During Super Bowl week, Muir said, "We work well together, mainly because we've been through it. Not only throughout this regular season, but throughout camp, and in OTAs, we've been working out together every day, watching film together, and not just me and Antonio, but Eric Foster, Fili Moala.
"We've been going at it all year and that's really helped us because when game time comes, I know I can look over and I know that the guy next to me, 99 (Johnson), has my back and he can look over and see that number 90 (Muir) has his back."
The aforementioned trio played the majority of the plays, with the development of several reserves crucial in the coming off-season.
The Colts last off-season selected Moala from Southern California in the second round of the 2009 NFL Draft, and while he said late in the season he struggled at times to adjust to the NFL, Colts Head Coach Jim Caldwell said late in the season Moala was progressing. He had 17 tackles in 10 games.

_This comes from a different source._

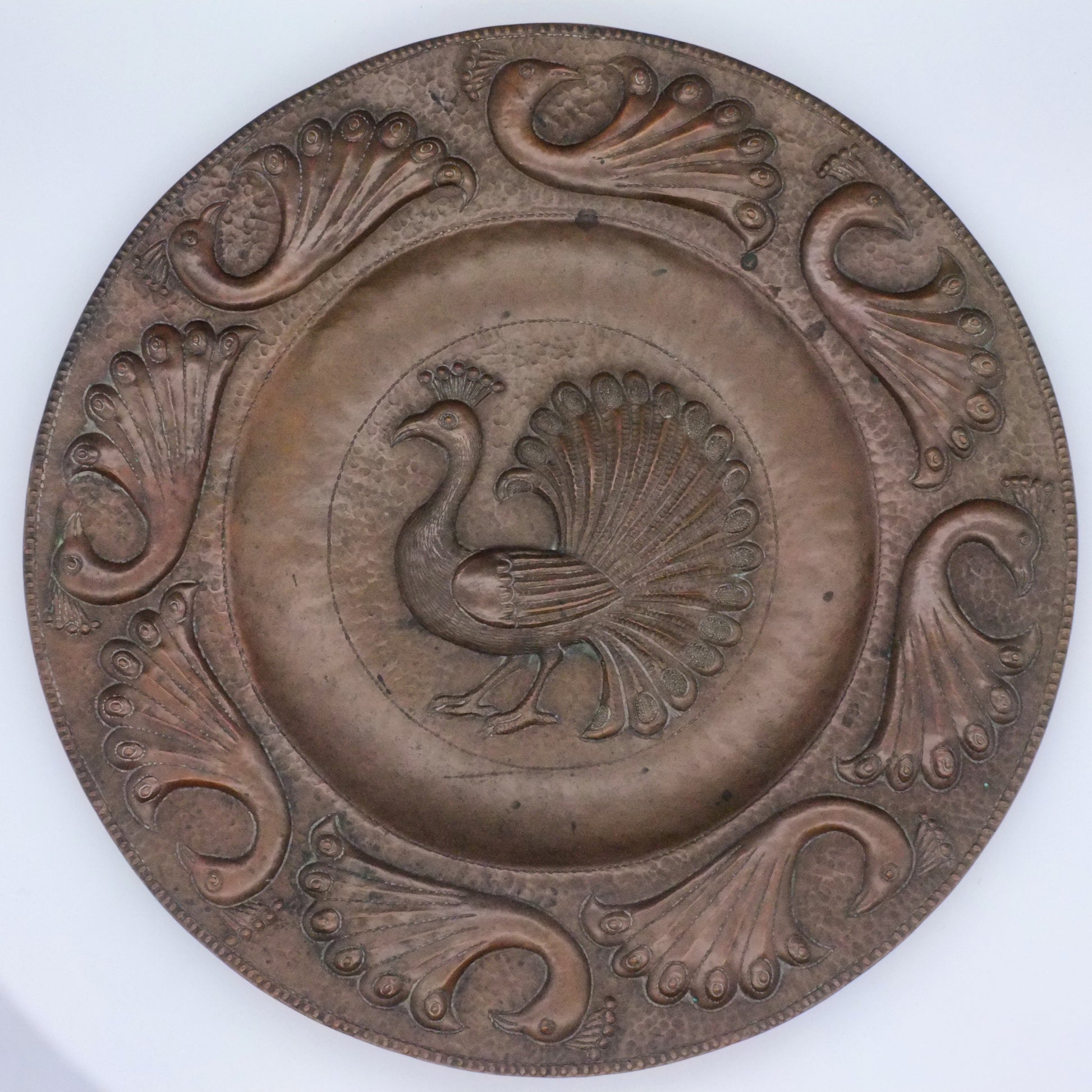 A copper charger with a central motif of a standing peacock, surrounded by eight stylized peacock designs around the edge.
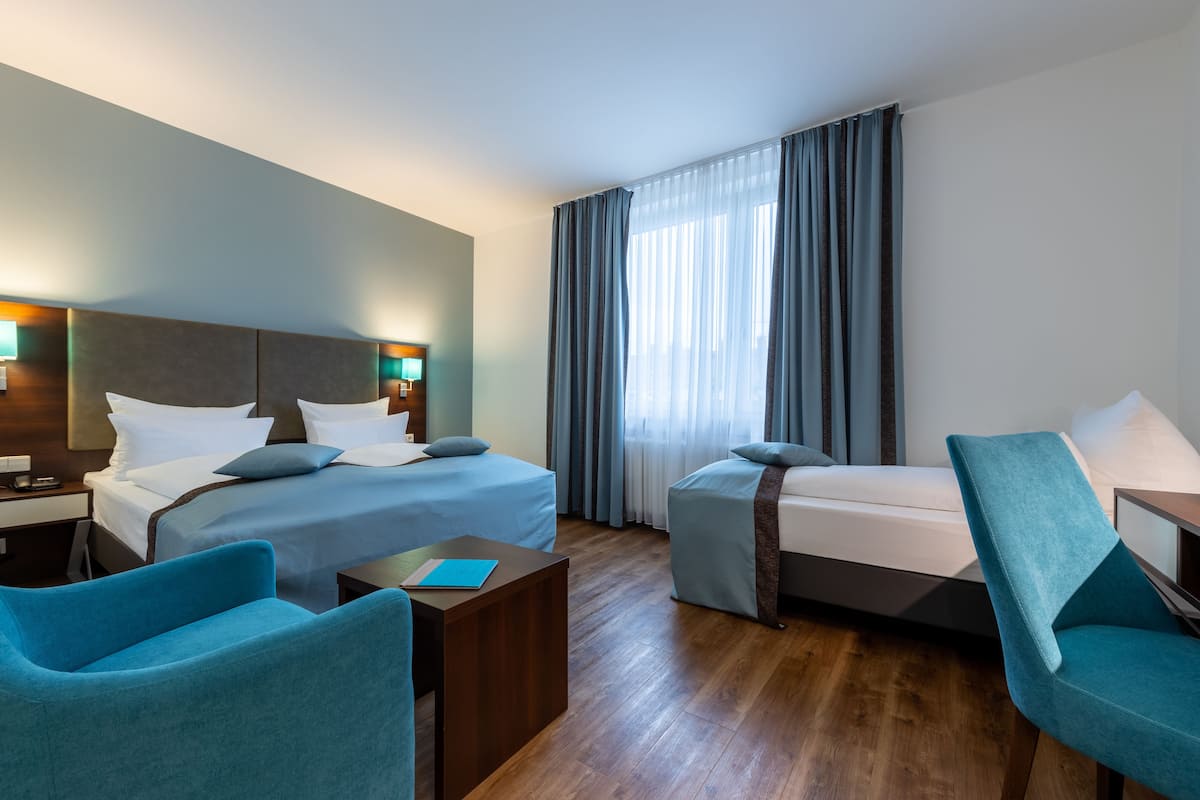 Camera tripla | Biancheria da letto ipoallergenica, minibar, una cassaforte in camera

John Gill, a defensive lineman from Northwestern, spent the final regular-season games on the active roster last season, registering five tackles against the New York Jets in Week 16. He also was on the active roster for the postseason.
The Colts early in the offseason signed first-year veteran and former Iowa tackle Mitch King, who spent part of last season on the Tennessee Titans' practice squad.
Note: The 2010 Colts.com position-by-position series that will run during March is meant to serve as an overview of the Colts' roster as it stands entering the 2010 offseason and to provide fans a detailed look at how the position groups fared during the 2009 Super Bowl XLIV season. Any analysis included herein does not reflect the opinion of Colts management.